Task to complete
Every line of the entries below from the one containing "Detalle de Alleyoop" to the one containing "Vista 11 de", both ends included, must be written out exactly. No other line belongs in the answer.

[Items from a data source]
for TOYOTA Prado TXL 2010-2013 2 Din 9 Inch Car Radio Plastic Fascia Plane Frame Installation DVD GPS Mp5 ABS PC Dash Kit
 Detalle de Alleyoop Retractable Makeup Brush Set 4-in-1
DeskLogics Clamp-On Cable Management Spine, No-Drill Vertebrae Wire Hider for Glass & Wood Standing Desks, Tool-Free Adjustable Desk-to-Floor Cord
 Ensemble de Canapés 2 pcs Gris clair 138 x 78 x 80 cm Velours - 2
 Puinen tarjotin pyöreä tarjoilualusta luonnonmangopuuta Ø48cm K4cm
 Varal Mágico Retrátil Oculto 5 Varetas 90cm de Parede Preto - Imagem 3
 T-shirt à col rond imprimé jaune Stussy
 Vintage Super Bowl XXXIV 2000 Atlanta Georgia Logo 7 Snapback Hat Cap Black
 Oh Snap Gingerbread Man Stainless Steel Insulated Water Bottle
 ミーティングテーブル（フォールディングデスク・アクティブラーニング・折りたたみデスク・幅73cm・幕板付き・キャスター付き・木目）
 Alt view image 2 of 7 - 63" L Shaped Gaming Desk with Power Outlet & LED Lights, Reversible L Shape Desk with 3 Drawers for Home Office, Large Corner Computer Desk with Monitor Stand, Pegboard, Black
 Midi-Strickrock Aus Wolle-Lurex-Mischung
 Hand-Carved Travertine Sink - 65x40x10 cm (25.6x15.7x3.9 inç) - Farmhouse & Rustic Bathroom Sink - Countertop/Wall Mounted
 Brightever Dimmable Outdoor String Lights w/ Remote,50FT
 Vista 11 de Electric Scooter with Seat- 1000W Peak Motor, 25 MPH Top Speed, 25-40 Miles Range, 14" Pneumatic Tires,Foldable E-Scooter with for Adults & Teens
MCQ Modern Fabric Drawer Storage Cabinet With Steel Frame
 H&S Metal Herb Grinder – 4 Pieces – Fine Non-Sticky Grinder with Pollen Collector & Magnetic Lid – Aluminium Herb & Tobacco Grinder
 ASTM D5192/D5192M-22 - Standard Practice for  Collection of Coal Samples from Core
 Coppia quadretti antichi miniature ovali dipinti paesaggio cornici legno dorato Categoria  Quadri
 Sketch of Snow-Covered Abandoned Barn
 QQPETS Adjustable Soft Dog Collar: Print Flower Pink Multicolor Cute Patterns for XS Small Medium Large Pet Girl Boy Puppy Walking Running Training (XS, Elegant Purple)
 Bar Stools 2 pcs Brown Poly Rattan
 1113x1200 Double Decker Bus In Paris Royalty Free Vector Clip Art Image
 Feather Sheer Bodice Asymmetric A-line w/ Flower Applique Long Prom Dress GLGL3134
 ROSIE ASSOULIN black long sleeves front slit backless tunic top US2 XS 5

Answer to this exercise
 Detalle de Alleyoop Retractable Makeup Brush Set 4-in-1
DeskLogics Clamp-On Cable Management Spine, No-Drill Vertebrae Wire Hider for Glass & Wood Standing Desks, Tool-Free Adjustable Desk-to-Floor Cord
 Ensemble de Canapés 2 pcs Gris clair 138 x 78 x 80 cm Velours - 2
 Puinen tarjotin pyöreä tarjoilualusta luonnonmangopuuta Ø48cm K4cm
 Varal Mágico Retrátil Oculto 5 Varetas 90cm de Parede Preto - Imagem 3
 T-shirt à col rond imprimé jaune Stussy
 Vintage Super Bowl XXXIV 2000 Atlanta Georgia Logo 7 Snapback Hat Cap Black
 Oh Snap Gingerbread Man Stainless Steel Insulated Water Bottle
 ミーティングテーブル（フォールディングデスク・アクティブラーニング・折りたたみデスク・幅73cm・幕板付き・キャスター付き・木目）
 Alt view image 2 of 7 - 63" L Shaped Gaming Desk with Power Outlet & LED Lights, Reversible L Shape Desk with 3 Drawers for Home Office, Large Corner Computer Desk with Monitor Stand, Pegboard, Black
 Midi-Strickrock Aus Wolle-Lurex-Mischung
 Hand-Carved Travertine Sink - 65x40x10 cm (25.6x15.7x3.9 inç) - Farmhouse & Rustic Bathroom Sink - Countertop/Wall Mounted
 Brightever Dimmable Outdoor String Lights w/ Remote,50FT
 Vista 11 de Electric Scooter with Seat- 1000W Peak Motor, 25 MPH Top Speed, 25-40 Miles Range, 14" Pneumatic Tires,Foldable E-Scooter with for Adults & Teens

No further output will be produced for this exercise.